##### Extracted data
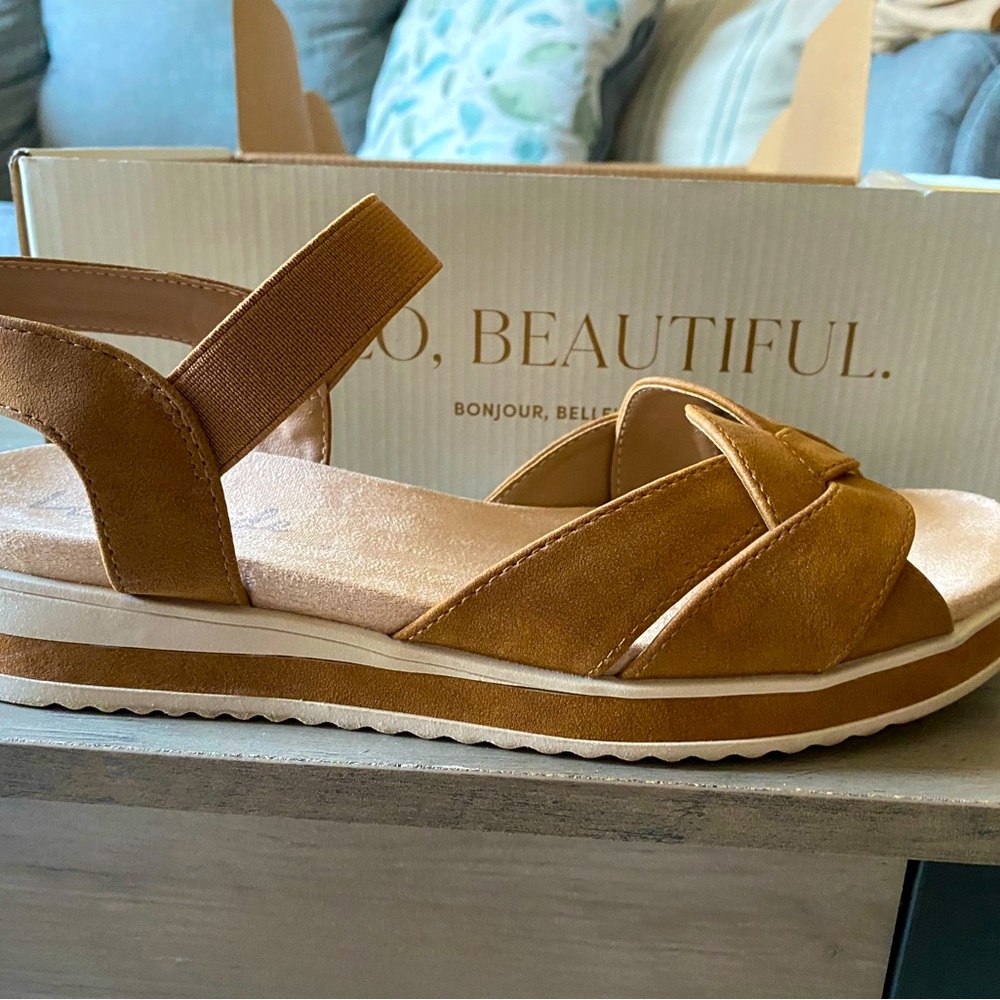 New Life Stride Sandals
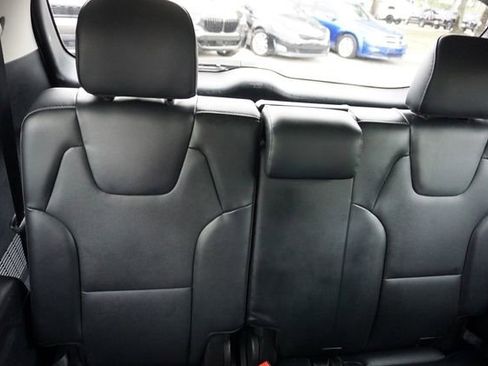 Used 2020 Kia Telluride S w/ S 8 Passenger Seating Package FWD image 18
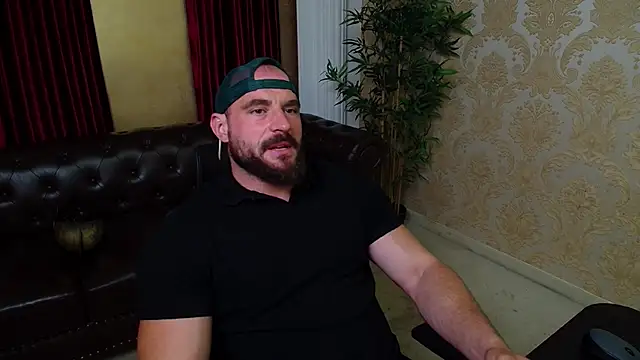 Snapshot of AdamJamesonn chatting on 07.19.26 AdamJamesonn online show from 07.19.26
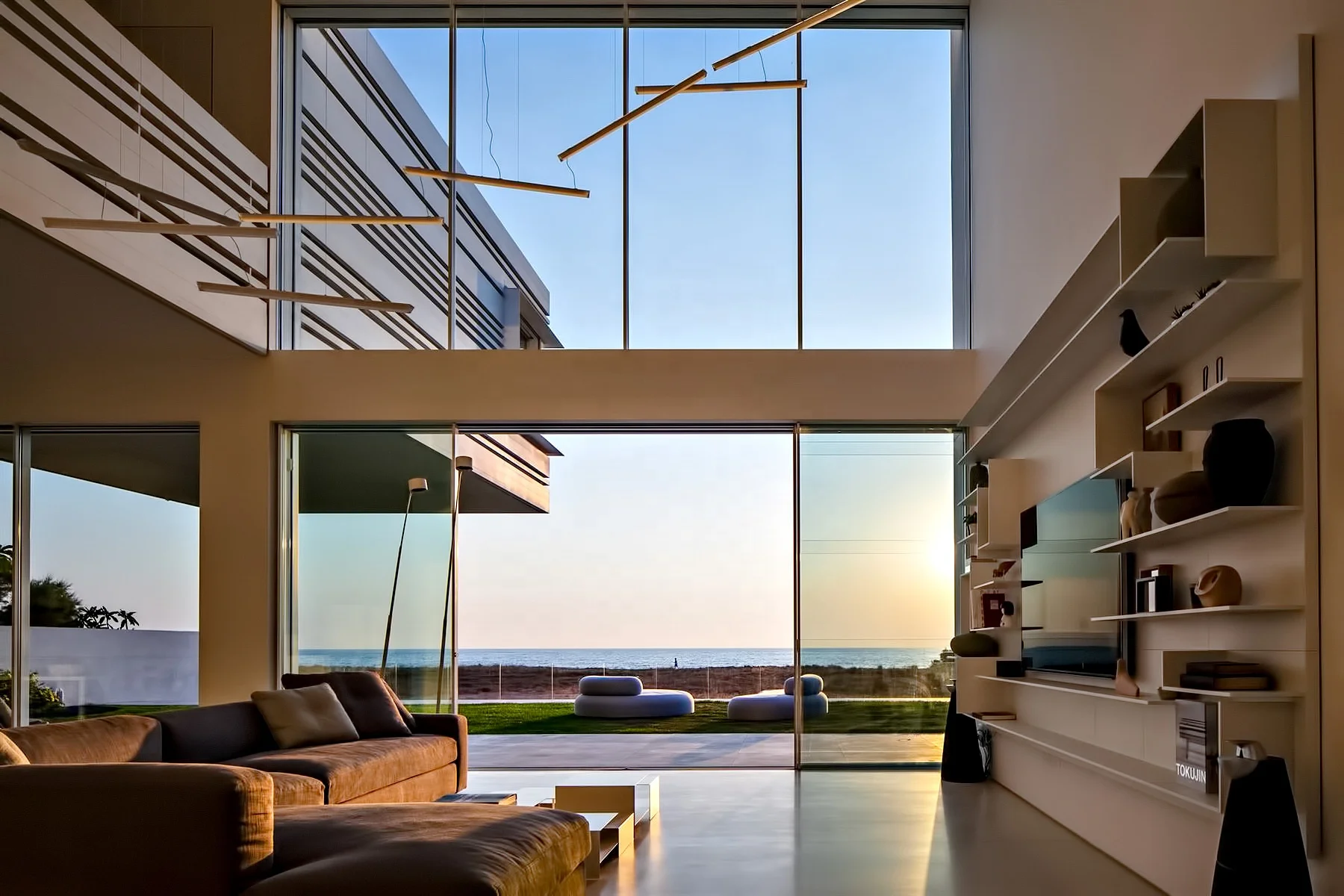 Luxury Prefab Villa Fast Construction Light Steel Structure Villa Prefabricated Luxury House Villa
##########
##### Extracted data
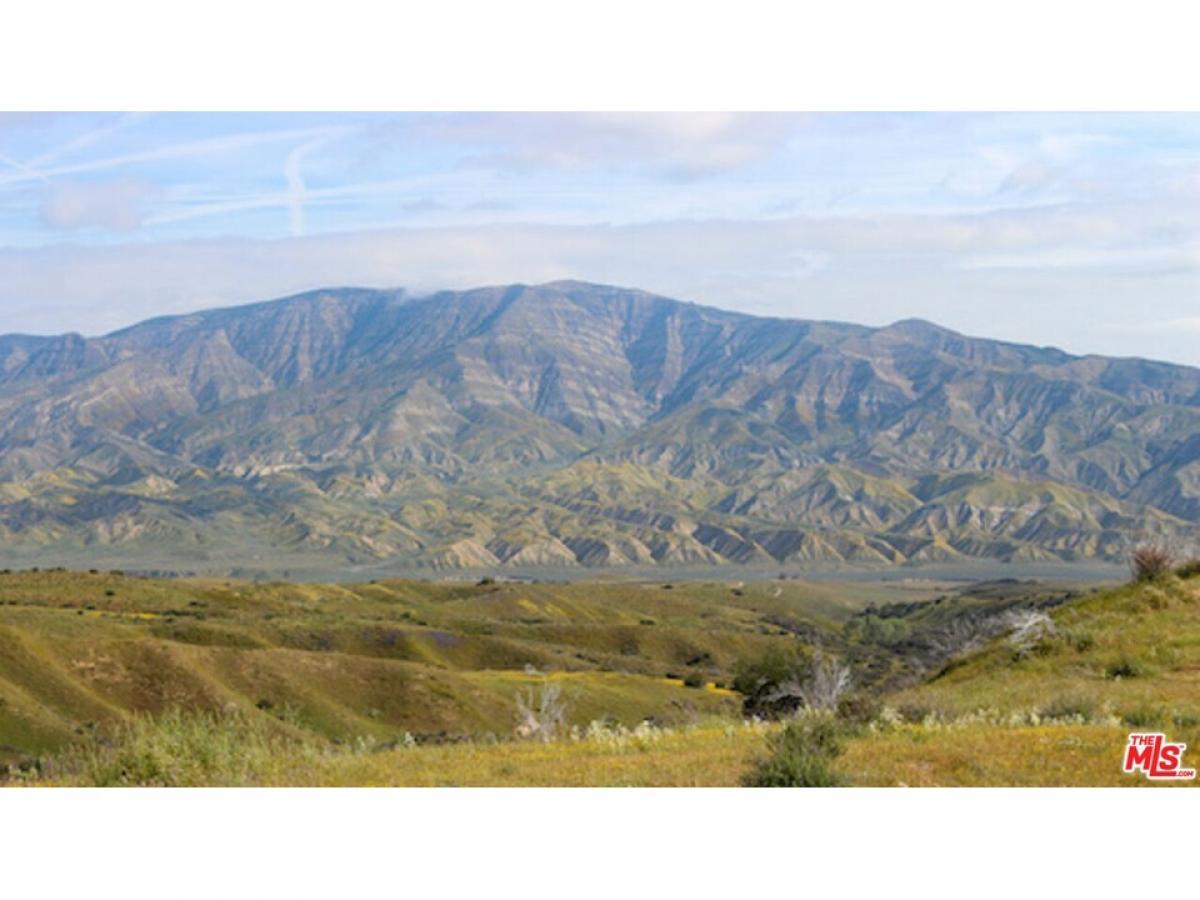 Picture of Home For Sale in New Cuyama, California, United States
##########
Aim of the exercise | Once the line with "Used 2020 Kia" is found above, transcribe each line from it through the line with "Luxury Prefab Villa", exactly, and omit the pictures.

Solved exercise |
 Used 2020 Kia Telluride S w/ S 8 Passenger Seating Package FWD image 18
 Snapshot of AdamJamesonn chatting on 07.19.26 AdamJamesonn online show from 07.19.26
 Luxury Prefab Villa Fast Construction Light Steel Structure Villa Prefabricated Luxury House Villa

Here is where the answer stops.